# WORK ORDER
Please, could you print all the lines below exactly, leaving out the pictures?

# DATA SUPPLIED
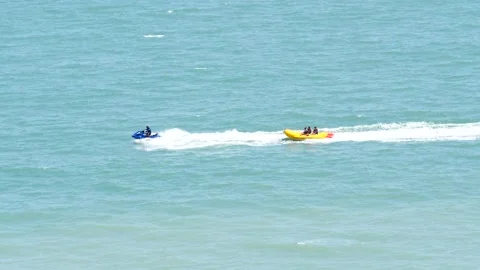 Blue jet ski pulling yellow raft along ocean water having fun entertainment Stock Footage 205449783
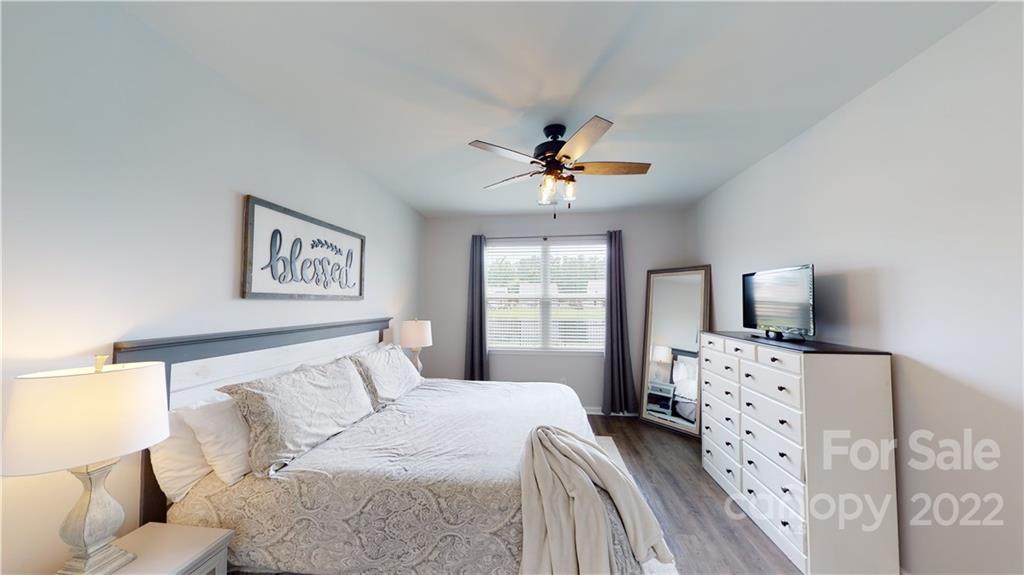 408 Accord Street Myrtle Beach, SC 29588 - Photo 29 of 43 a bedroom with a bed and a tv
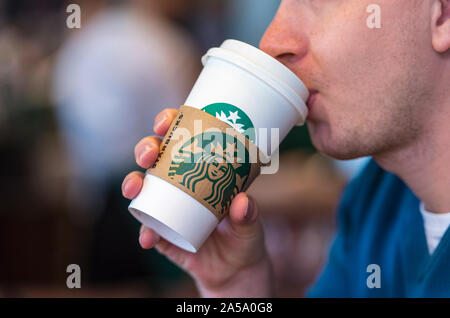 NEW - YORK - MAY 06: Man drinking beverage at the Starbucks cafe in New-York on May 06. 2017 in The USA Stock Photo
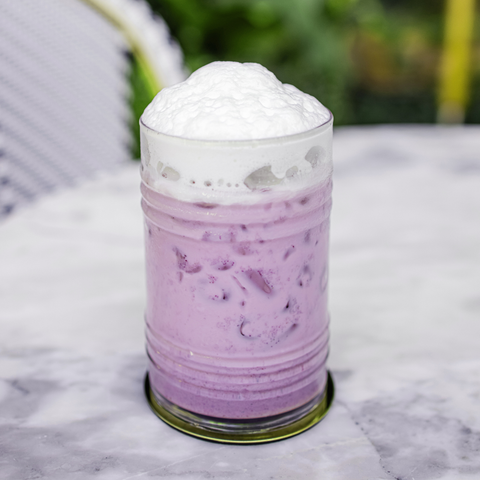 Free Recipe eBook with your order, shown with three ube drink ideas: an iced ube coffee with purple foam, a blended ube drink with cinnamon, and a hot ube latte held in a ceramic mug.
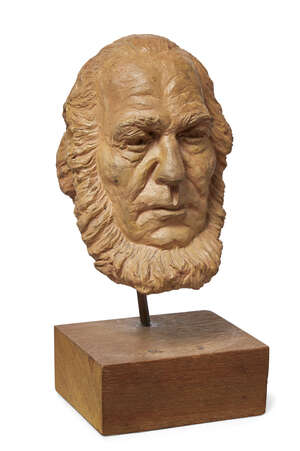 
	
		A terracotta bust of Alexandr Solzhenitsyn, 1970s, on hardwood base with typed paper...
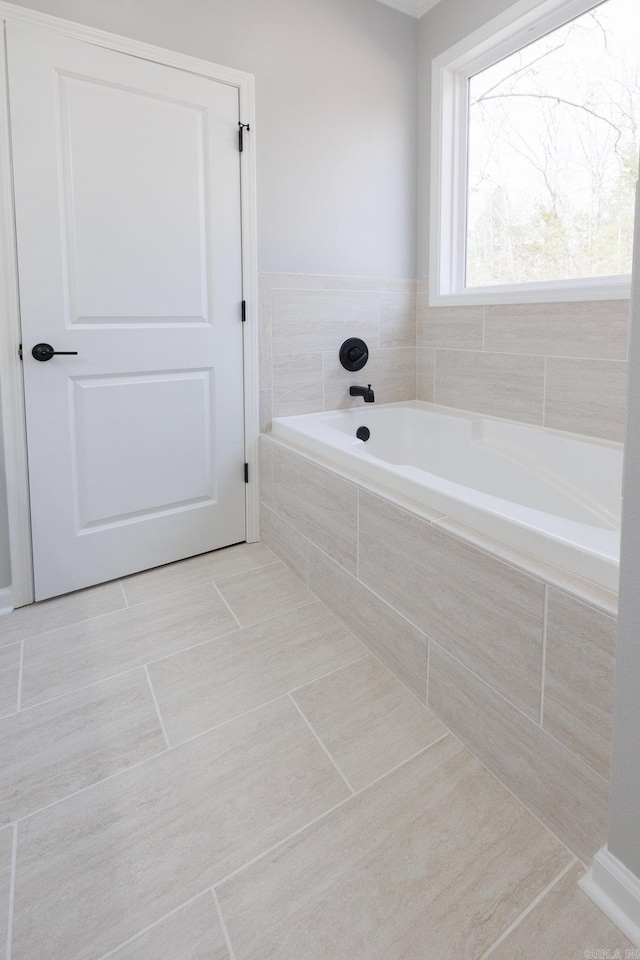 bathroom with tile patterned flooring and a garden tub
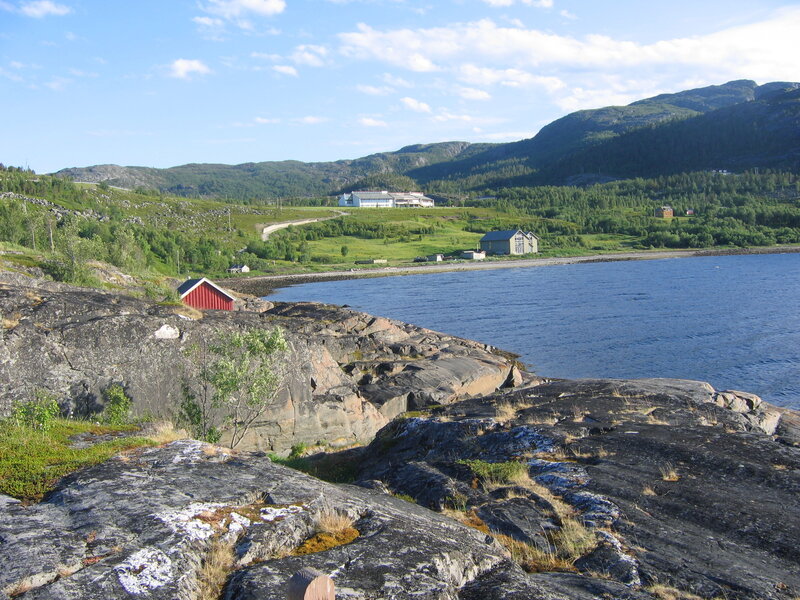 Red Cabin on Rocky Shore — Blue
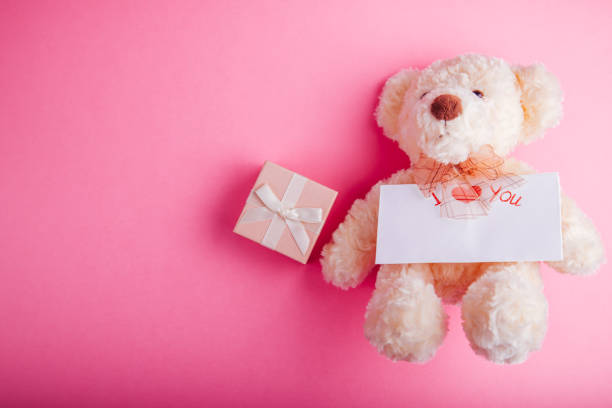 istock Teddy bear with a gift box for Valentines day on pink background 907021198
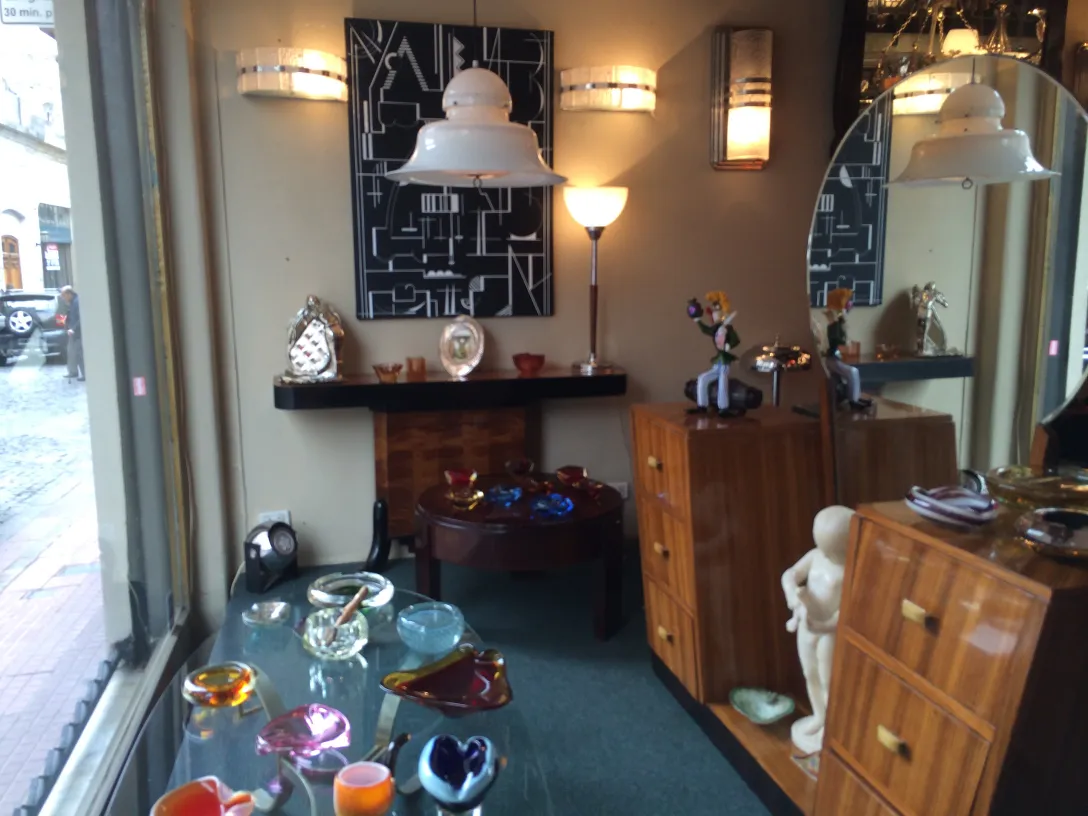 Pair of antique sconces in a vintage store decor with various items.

# FINISHED TASK
 Blue jet ski pulling yellow raft along ocean water having fun entertainment Stock Footage 205449783
 408 Accord Street Myrtle Beach, SC 29588 - Photo 29 of 43 a bedroom with a bed and a tv
 NEW - YORK - MAY 06: Man drinking beverage at the Starbucks cafe in New-York on May 06. 2017 in The USA Stock Photo
 Free Recipe eBook with your order, shown with three ube drink ideas: an iced ube coffee with purple foam, a blended ube drink with cinnamon, and a hot ube latte held in a ceramic mug.
	
		A terracotta bust of Alexandr Solzhenitsyn, 1970s, on hardwood base with typed paper...
 bathroom with tile patterned flooring and a garden tub
 Red Cabin on Rocky Shore — Blue
 istock Teddy bear with a gift box for Valentines day on pink background 907021198
 Pair of antique sconces in a vintage store decor with various items.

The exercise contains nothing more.